### PROBLEM
Skip the pictures. Quote every line below, exactly, from the one with "(сс) Wikimedia Commons" through the final line.

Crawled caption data
───
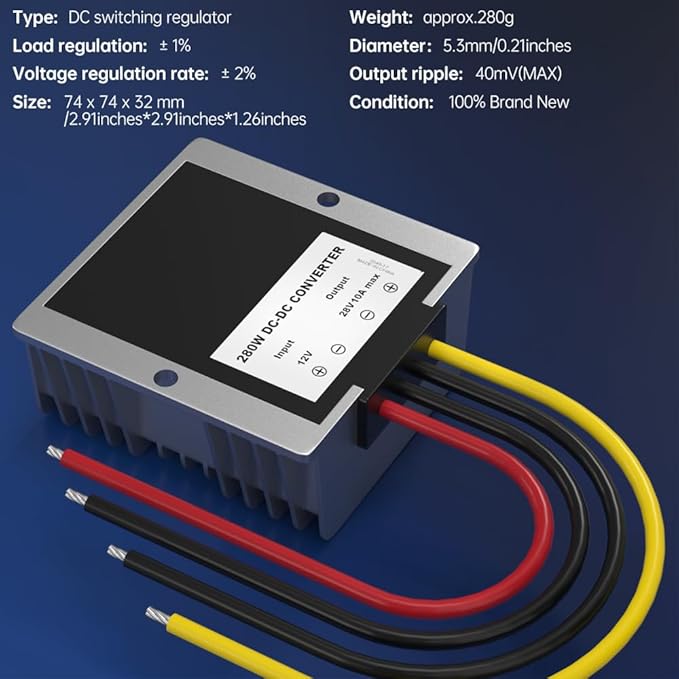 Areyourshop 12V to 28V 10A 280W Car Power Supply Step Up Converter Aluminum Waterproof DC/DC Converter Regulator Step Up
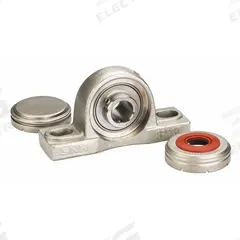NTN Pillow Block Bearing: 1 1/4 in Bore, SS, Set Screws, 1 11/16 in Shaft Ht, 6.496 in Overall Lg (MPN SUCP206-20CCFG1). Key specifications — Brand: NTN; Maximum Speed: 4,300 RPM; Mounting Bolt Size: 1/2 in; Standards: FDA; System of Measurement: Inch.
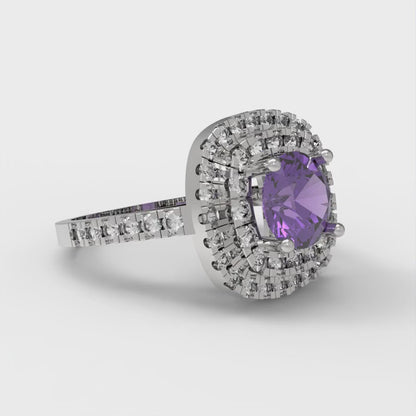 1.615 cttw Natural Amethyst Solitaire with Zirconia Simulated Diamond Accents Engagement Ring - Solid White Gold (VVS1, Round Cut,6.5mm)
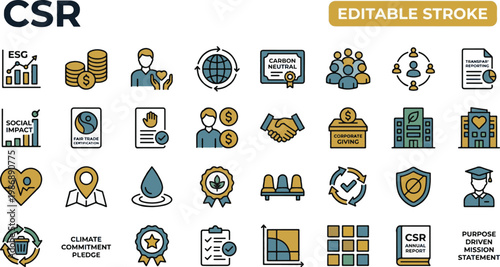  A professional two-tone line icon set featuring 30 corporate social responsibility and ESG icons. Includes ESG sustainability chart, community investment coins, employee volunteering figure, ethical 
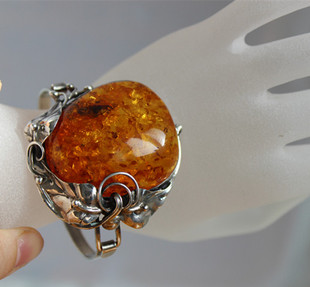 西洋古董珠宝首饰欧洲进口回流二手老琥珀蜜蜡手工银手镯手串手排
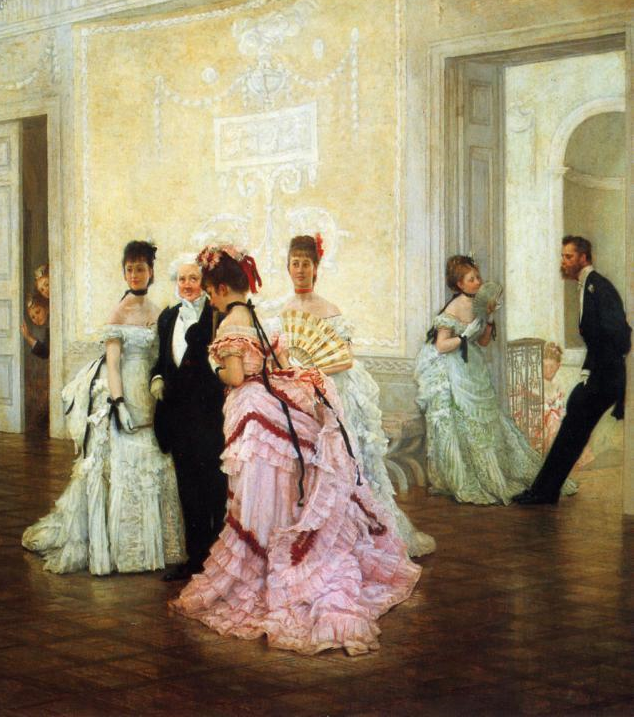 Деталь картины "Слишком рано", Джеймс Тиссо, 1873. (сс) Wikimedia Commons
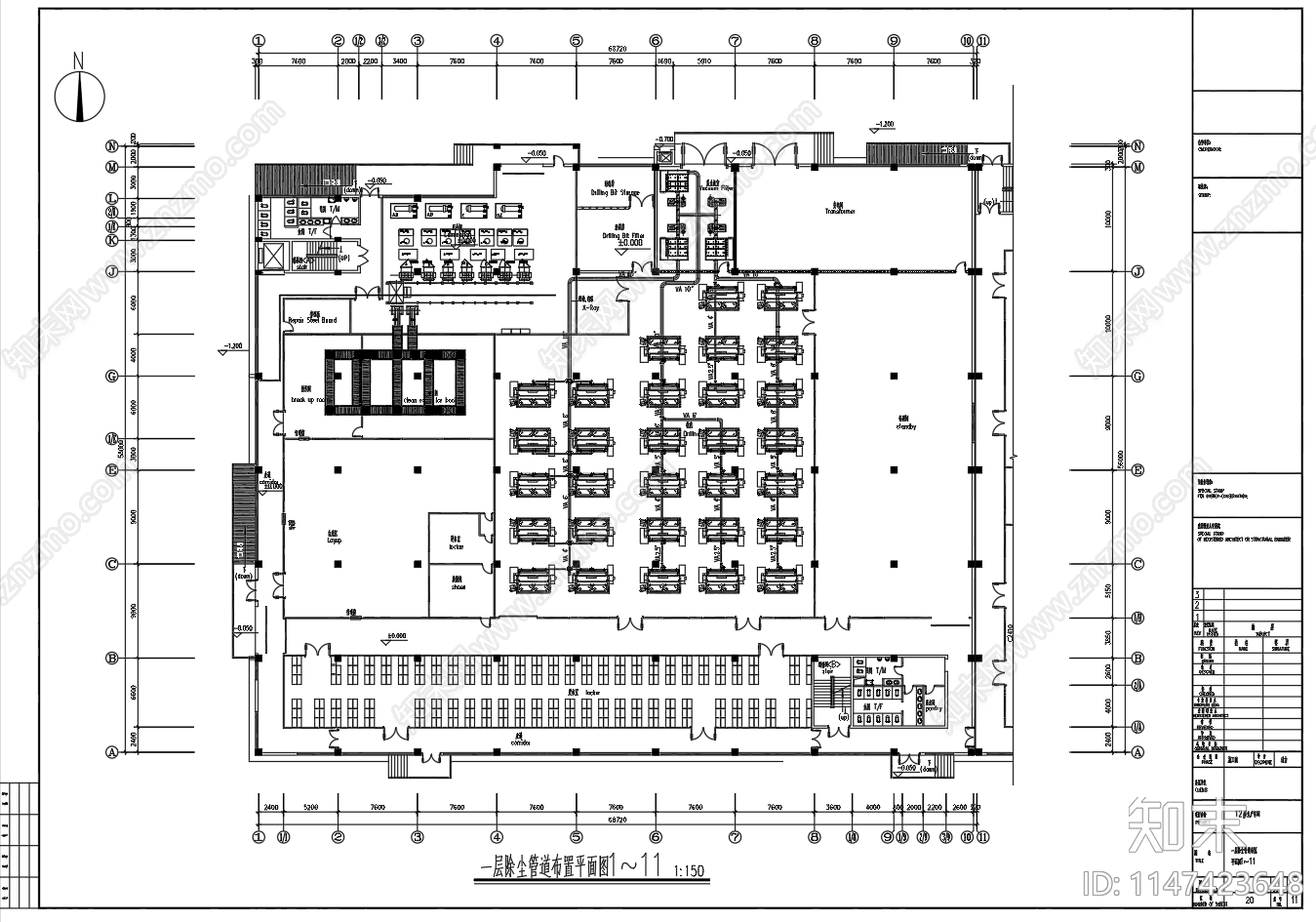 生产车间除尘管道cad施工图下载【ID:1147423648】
───
### FINAL ANSWER
 Деталь картины "Слишком рано", Джеймс Тиссо, 1873. (сс) Wikimedia Commons
 生产车间除尘管道cad施工图下载【ID:1147423648】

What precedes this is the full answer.